Résultat, fin 2016, Hulu comptait 12 millions d’abonnés, quand Netflix, qui ne s’était tourné vers le streaming qu’en 2007, en avait près de dix fois plus.
2017 : année du grand tourant
Le vent a commencé à tourner en 2017, quand Hulu a créé un poste de responsable du contenu et débauché Joel Stillerman, le grand maître de la chaîne câblée AMC, qui a guidé Mad Men et Breaking Bad, puis lancé The Walking Dead, trois des séries les plus marquantes du XXIe siècle.
Des moyens propres sont débloqués, des projets ambitieux sont mis en chantier, et Hulu signe son premier hit, La Servante écarlate, qui rafle huit Emmy Awards, les récompenses de la télévision, en septembre dernier.
Mais le véritable tournant a été pris avec l’annonce, mi-décembre, du rachat par Disney de l’essentiel des actifs de 21st Century Fox, dont sa participation de 30 % dans Hulu, qui devrait faire du groupe californien l’actionnaire majoritaire, avec 60 % du capital. « Cela change la direction stratégique » de la plateforme, explique Daniel Ives, analyste au sein du cabinet GBH Insights.
40 % d’abonnés supplémentaires en un an
Le PDG de Disney, Bob Iger, a annoncé en décembre que le groupe prévoyait de faire d’Hulu la « destination » de tous les programmes non destinés aux enfants, qu’il s’agisse des studios Disney et Fox, de la chaîne ABC et des chaînes récupérées auprès de Fox, notamment FX.
Et ce, sans compter le contenu développé en propre et qui a déjà permis à la plateforme de gagner plus de 40 % d’abonnés supplémentaires en un an seulement, pour atteindre plus de 17 millions fin 2017.
Mardi, lors de la conférence téléphonique de présentation des résultats trimestriels de Disney, Bob Iger a même expliqué qu’une fois les actifs de Fox intégrés, le groupe ne ferait pas de pause et chercherait encore à étoffer son portefeuille de contenus pour alimenter ses divers canaux de diffusion.
Cette stratégie intégrée devrait pouvoir permettre de redresser les comptes d’Hulu qui, en l’état, a encore perdu plusieurs centaines de millions de dollars l’an dernier, a confirmé mardi la directrice financière de Disney, Christine McCarthy.
Un combat de poids lourds durant les prochaines années
« Cela va être un combat de poids lourds durant les prochaines années, avec Hulu dans un rôle central pour permettre à Disney de gagner des parts de marché (dans le streaming) face à l’empire Netflix », promet Daniel Ives.
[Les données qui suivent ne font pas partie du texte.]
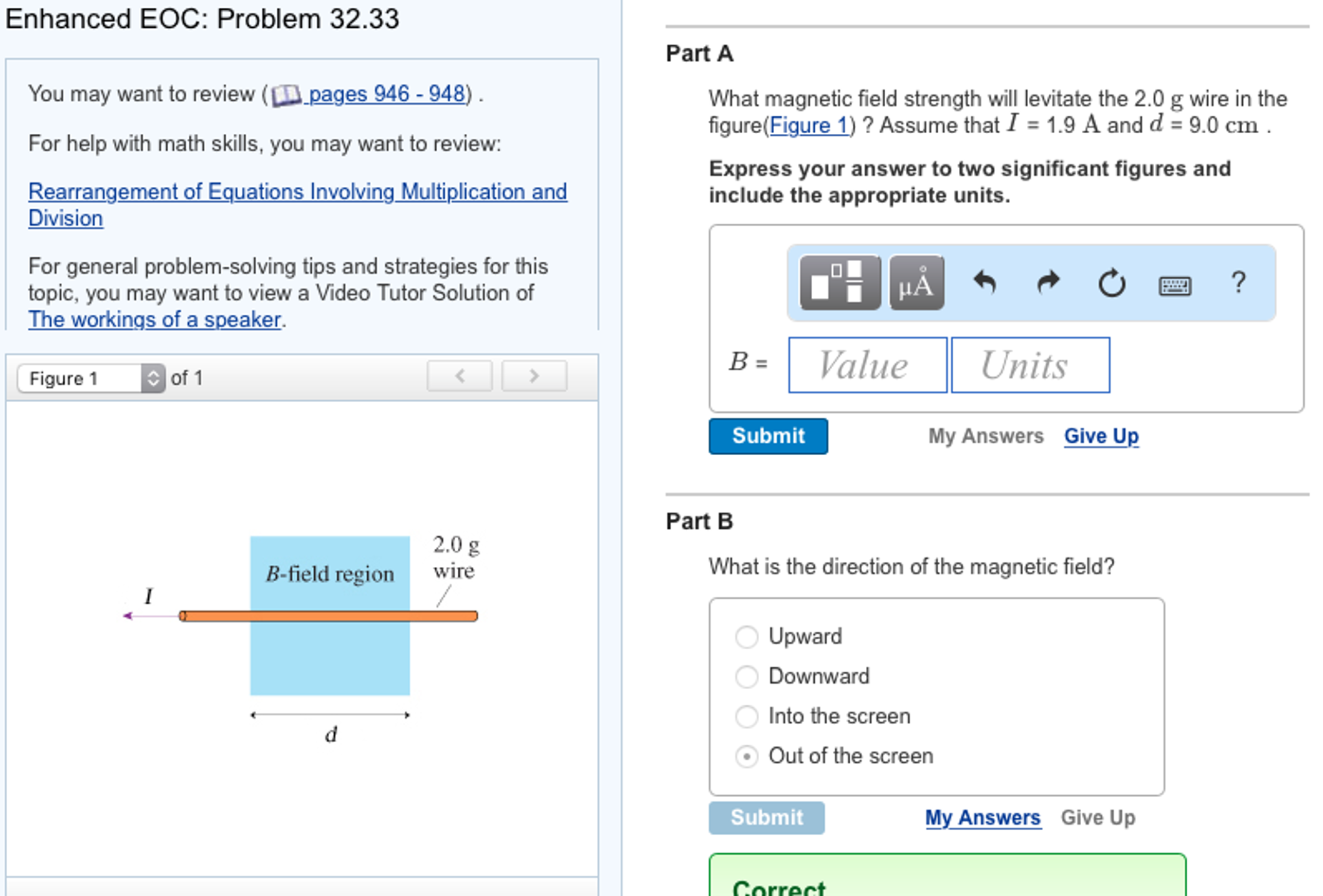 Solved You May Want To Review. For Help With Math Skills, | Chegg.com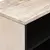 TV ormar s policom Bijelo 80 x 31,5 x 46 cm Čvrsto drvo manga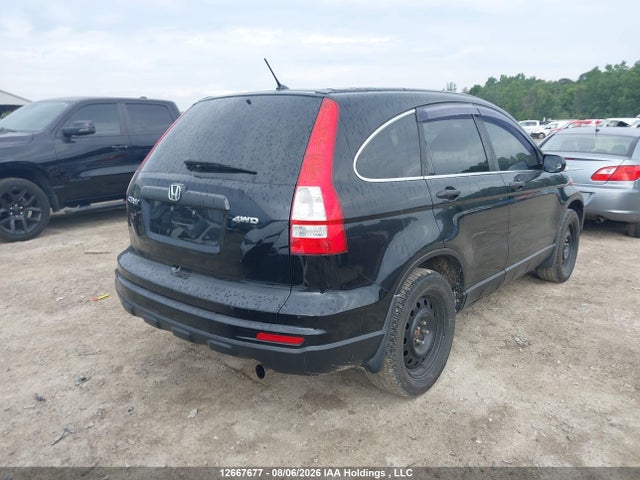 2011 Honda Cr-v Lx მანქანა იყიდება აუქციონზე, vin: 5J6RE4H34BL817465, აუქციონის ნომერი: 12667677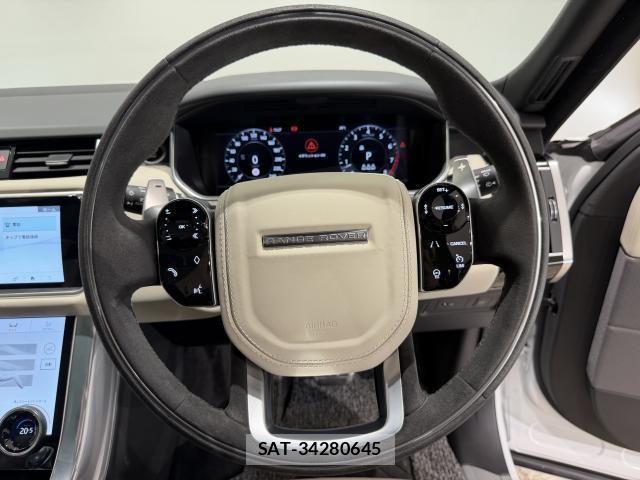 Land Rover RANGE ROVER SPORT 2021-06 7817733-6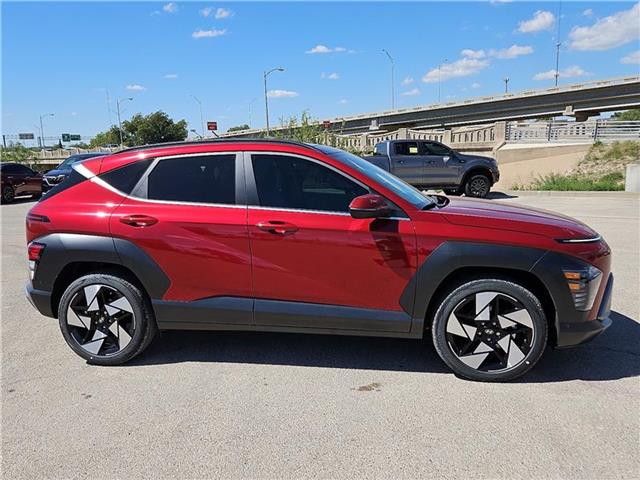 new 2025 Hyundai Kona car, priced at $34,540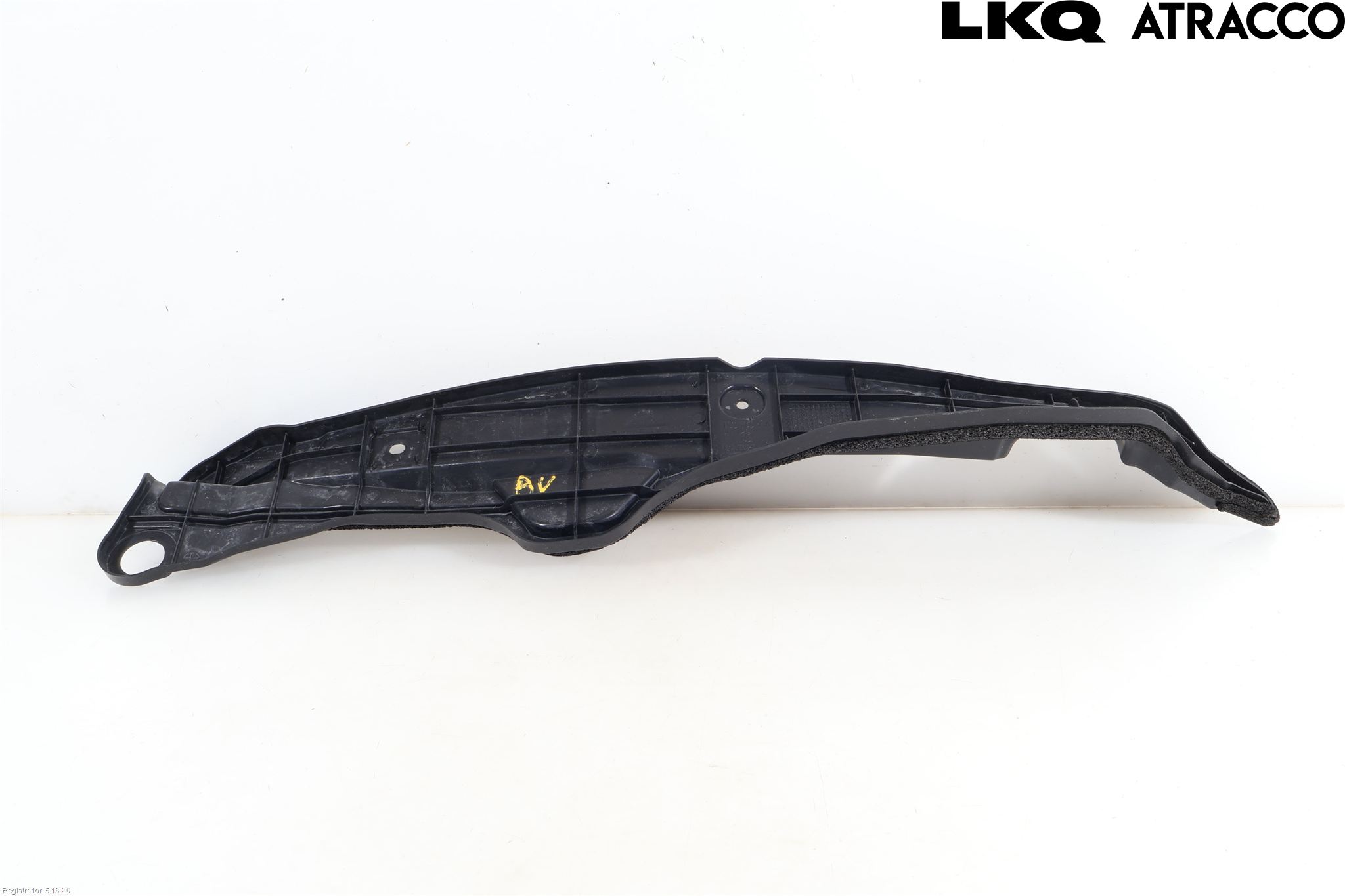 Toyota AURIS 13-19 Skärm Hörn Utfyllnad Fram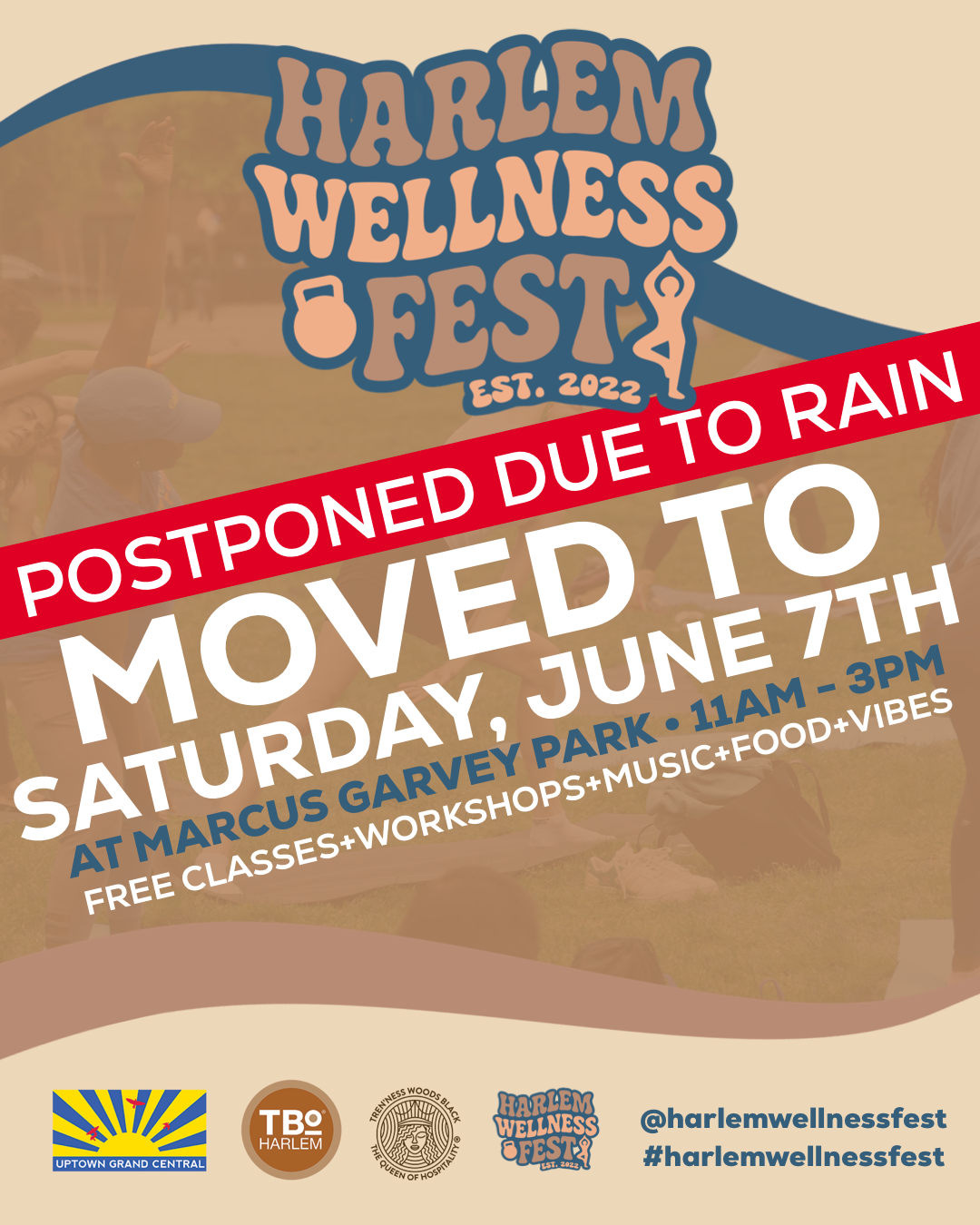 HARLEM WELLNESS FESTIVAL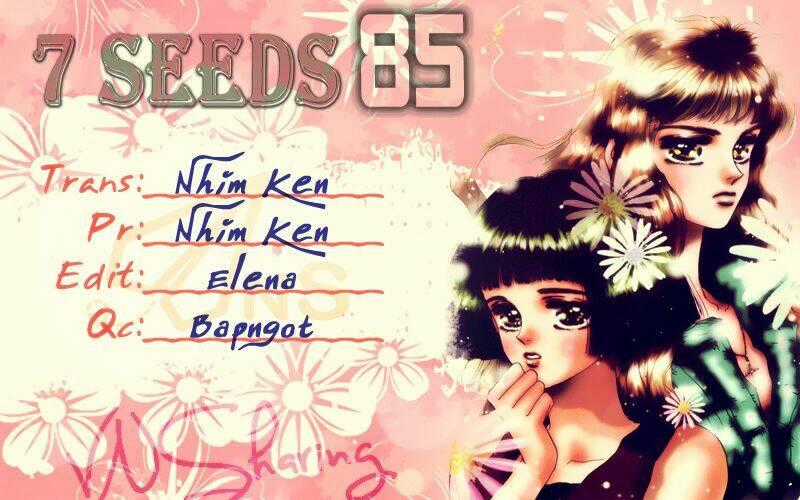 7 Mầm sống Chapter 85 trang 0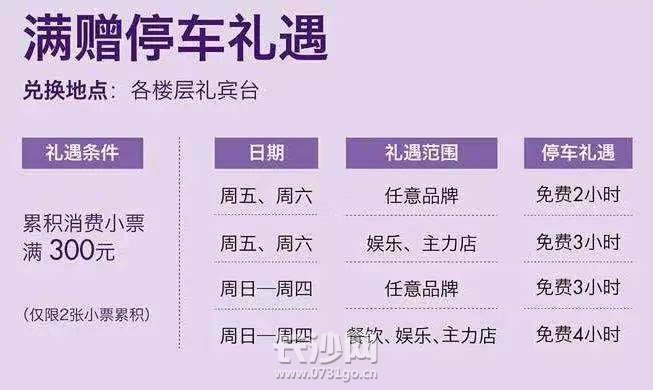 湖南长沙商业停车费收费标准,长沙十大商场停车收费标准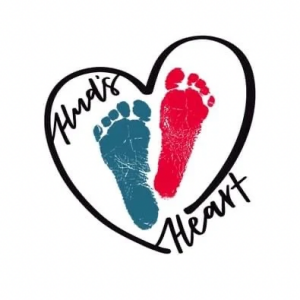 4th Annual Hud’s Heart 5K & Fun Run logo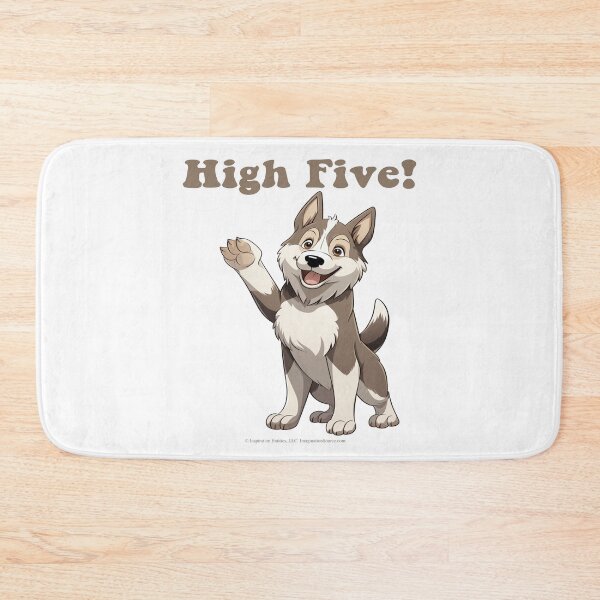 Item preview, High Five! designed and sold by The Imagination Source™.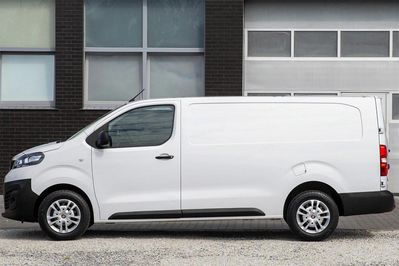 Fiat Scudo Maxi L2H1 AT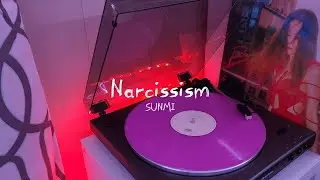 SUNMI (선미) - Narcissism [ Vinyl ]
Aux Etats-Unis, et peut-être à l’étranger, ou Hulu ne s’est encore jamais aventuré.
Beaucoup anticipent néanmoins la sortie de Comcast, qui détient NBC Universal, du capital d’Hulu, pour pouvoir voler de ses propres ailes, explique Brian Wieser, ce qui priverait la plateforme de précieux contenus, le nerf de la guerre.
Autre incertitude, celle liée à la validité de la triple offre que veut proposer Disney à partir de 2019 :
- Hulu d’un côté,
- une plateforme vidéo pour les contenus familiaux et les programmes jeunesse de l’autre,
- et enfin une application dédiée au sport, pour valoriser l’importante production de Disney sur ce créneau avec ESPN.
Pour Brian Wieser, « en choisissant plusieurs angles d’attaque », Disney « se rendra compte de ce qui fonctionne ou non ».